## RECORDS
· · · · ·
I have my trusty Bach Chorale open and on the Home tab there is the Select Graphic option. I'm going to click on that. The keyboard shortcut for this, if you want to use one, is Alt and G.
· · · · ·
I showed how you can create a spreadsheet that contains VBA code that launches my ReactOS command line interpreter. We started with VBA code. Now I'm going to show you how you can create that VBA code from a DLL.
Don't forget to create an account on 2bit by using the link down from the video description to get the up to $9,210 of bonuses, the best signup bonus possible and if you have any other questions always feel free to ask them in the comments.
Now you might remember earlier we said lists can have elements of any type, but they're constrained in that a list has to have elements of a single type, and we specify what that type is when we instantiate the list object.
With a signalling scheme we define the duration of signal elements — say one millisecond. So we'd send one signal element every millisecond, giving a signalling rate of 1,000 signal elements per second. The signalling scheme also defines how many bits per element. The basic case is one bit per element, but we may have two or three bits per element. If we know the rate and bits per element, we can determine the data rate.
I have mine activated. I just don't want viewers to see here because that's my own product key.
· · · · ·
## WORK REQUEST
Please reproduce, exactly as they appear above, the lines from the line containing "With a signalling" up to and including the line containing "I have mine".

## EXPECTED ANSWER
With a signalling scheme we define the duration of signal elements — say one millisecond. So we'd send one signal element every millisecond, giving a signalling rate of 1,000 signal elements per second. The signalling scheme also defines how many bits per element. The basic case is one bit per element, but we may have two or three bits per element. If we know the rate and bits per element, we can determine the data rate.
I have mine activated. I just don't want viewers to see here because that's my own product key.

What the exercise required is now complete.